Question: Remainder when Divided by 7

Comment on Remainder when Divided by 7

I set the equations equal to each other: 5Q+1=7K+1 and I got Q= 7K/5. I plugged that into Q/7 and got K/5. Using divisibility rules, 0 was the only one divisible by 5. Is that another way to do it or did I get lucky?!
greenlight-admin's picture

That approach is solid!

I did not get the approach mentioned here in comment.
greenlight-admin's picture

Here's the longer version of mtl1212's solution:

There's a nice rule that says:

If N divided by D equals Q with remainder R, then N = DQ + R

For example, since 17 divided by 5 equals 3 with remainder 2, then we can write 17 = (5)(3) + 2

Likewise, since 53 divided by 10 equals 5 with remainder 3, then we can write 53 = (10)(5) + 3

From the first sentence, we can write: x = 5q + 1
From the second sentence, we can write: x = 7k + 1

Since both equations are set equal to x, we can write:
5q + 1 = 7k + 1
Subtract 1 from both sides to get: 5q = 7k
Divide both sides by 5 to get: q = 7k/5

IMPORTANT: Notice that, in order for q to be an integer (which it is), 7k must be divisible by 5.

Since 7 is not divisible by 5, it MUST be the case that k is divisible by 5. Finally, if k is divisible by 5, then k/5 is an INTEGER, which means q = 7k/5 = 7(some integer)

Clearly 7(some integer) is a multiple of 7, which means q is a multiple of 7

The question asks, "What is the remainder when q is divided by 7?"

Since q is a multiple of 7, the remainder will be 0

If we give the value 10 to k it's also divisible by 5
greenlight-admin's picture

That's correct.
In fact, k can be ANY number that's divisible by 5 (e.g., 10, 35, 615, etc)

Cheers,
Brent

Thanks, Understood :) the remainder will be zero.
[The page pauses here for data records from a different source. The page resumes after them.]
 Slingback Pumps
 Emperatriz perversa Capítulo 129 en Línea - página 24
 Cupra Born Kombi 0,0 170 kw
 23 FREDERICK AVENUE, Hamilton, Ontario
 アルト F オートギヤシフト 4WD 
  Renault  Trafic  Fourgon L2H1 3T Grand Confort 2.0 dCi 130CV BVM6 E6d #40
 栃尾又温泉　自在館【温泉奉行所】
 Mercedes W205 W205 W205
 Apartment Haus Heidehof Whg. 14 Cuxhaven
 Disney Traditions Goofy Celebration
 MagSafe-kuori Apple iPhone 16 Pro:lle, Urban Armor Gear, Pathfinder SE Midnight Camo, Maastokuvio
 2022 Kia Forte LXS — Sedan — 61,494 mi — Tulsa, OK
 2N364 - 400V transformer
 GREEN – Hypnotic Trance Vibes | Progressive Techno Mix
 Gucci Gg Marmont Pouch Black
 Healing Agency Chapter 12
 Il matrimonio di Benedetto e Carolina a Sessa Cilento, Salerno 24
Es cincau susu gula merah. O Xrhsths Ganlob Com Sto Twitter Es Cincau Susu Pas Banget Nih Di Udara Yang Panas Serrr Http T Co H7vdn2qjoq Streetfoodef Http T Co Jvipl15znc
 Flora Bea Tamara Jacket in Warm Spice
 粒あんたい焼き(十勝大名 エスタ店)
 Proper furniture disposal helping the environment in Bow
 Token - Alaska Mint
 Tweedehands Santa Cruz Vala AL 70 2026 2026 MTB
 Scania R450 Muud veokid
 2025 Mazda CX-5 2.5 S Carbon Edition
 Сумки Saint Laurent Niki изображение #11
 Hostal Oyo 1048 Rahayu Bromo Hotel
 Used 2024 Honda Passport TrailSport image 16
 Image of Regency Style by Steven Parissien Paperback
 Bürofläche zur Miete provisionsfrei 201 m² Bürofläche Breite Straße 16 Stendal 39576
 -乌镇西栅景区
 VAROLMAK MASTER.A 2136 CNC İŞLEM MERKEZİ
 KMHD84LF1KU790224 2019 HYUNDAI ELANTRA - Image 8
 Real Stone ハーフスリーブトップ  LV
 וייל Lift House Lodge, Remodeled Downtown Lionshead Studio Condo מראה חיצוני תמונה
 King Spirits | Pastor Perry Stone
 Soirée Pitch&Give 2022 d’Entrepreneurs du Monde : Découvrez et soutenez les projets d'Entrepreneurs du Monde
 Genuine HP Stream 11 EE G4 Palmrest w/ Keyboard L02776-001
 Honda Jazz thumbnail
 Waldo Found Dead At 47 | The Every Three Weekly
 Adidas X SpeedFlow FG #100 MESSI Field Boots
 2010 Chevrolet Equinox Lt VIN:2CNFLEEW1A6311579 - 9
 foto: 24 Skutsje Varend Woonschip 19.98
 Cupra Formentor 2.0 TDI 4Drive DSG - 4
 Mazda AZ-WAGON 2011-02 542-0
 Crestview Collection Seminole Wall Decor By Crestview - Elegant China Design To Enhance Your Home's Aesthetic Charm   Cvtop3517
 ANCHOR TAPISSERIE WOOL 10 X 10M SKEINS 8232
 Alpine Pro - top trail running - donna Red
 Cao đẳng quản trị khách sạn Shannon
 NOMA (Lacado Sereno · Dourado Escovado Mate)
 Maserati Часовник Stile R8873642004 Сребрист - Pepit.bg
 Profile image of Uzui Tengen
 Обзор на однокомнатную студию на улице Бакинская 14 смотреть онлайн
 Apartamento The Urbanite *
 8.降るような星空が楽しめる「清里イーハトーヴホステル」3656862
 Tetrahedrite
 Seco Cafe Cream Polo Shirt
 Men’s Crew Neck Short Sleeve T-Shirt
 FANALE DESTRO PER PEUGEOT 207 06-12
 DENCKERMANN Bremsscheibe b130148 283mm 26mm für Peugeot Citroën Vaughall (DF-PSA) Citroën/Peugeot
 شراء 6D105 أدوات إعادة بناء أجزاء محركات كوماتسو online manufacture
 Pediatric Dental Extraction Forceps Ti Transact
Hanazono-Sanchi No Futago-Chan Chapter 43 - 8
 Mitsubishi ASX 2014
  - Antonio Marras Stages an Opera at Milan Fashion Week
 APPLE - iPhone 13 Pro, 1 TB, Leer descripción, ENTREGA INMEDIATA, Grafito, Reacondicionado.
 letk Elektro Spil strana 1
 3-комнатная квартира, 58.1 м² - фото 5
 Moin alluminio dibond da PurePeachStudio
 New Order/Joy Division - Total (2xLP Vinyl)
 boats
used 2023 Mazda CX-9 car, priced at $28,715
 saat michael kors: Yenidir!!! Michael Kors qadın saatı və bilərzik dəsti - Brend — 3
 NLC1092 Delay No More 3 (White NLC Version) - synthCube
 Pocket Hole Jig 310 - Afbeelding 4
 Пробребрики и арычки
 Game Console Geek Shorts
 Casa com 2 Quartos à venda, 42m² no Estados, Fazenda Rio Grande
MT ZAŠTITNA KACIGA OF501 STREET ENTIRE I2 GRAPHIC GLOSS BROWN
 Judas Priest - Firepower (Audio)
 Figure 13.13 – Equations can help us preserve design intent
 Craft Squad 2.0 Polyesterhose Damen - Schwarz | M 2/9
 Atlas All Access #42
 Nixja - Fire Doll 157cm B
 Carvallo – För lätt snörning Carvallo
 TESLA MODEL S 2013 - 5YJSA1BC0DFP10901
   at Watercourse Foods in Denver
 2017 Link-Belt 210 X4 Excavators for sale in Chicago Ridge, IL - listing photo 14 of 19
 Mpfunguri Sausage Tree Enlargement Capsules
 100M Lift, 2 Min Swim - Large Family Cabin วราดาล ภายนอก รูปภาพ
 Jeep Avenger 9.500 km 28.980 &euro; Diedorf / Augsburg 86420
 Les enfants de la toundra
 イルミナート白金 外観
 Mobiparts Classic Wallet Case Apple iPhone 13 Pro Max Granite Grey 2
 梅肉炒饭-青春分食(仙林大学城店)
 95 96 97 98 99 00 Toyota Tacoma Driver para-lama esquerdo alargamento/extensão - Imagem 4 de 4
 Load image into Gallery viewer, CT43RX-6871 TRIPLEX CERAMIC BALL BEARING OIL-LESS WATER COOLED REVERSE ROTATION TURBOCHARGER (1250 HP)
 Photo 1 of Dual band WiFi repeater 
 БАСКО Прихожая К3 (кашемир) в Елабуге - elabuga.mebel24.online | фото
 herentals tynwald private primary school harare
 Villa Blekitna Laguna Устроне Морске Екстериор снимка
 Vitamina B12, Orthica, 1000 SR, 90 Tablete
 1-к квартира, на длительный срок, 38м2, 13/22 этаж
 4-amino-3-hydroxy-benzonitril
I suppose you meant that in the last statement. Thanks Brent.
greenlight-admin's picture

Good catch. I changed the last line to "Since q is a multiple of 7, the remainder will be 0"

At the very end of the video, when you say that x = 1 is the fastest approach, you say that 1 divided by 5 = 0 (1), so q = 0. But wouldn't 1 divided by 5 be 0 (5)?
greenlight-admin's picture

Think of it this way.

When we divide 17 by 5, we see that 5 divides into 17 THREE times (to make 15).
From the original 17, we have 2 left (after we subtract 15).
So, the remainder is 2.

Likewise, when we divide 1 by 5, we see that 5 divides into 1 ZERO times (to make 0).
From the original 1, we have 1 left.
So, the remainder is 1.

Alternatively, we can apply the formula for rebuilding the dividend.
It says:
If N divided by D equals Q with remainder R, then N = DQ + R

For example, since 17 divided by 5 equals 3 with remainder 2, then we can write 17 = (5)(3) + 2
Likewise, since 53 divided by 10 equals 5 with remainder 3, then we can write 53 = (10)(5) + 3

Likewise, since 1 divided by 5 equals 0 with remainder 1, then we can write 1 = (5)(0) + 1
Works!!

Now let's test out your answer.
You are suggesting that 1 divided by 5 equals 0 with remainder 5.
Applying the formula, then we can write: 1 = (5)(0) + 5
Doesn't work.

Does that help?

Cheers,
Brent

Brent, thank you for your explanation. This helps!

Hi Brent,

Can you give the solution of this question?
https://gre.myprepclub.com/forum/s-be-the-set-of-all-positive-integers-n-such-that-n-1760.html
greenlight-admin's picture

Yet again, just pick numbers and solve. Use x = 36 and BINGO. That's all you need to do. I would actually rate this question as EASY, 130-149.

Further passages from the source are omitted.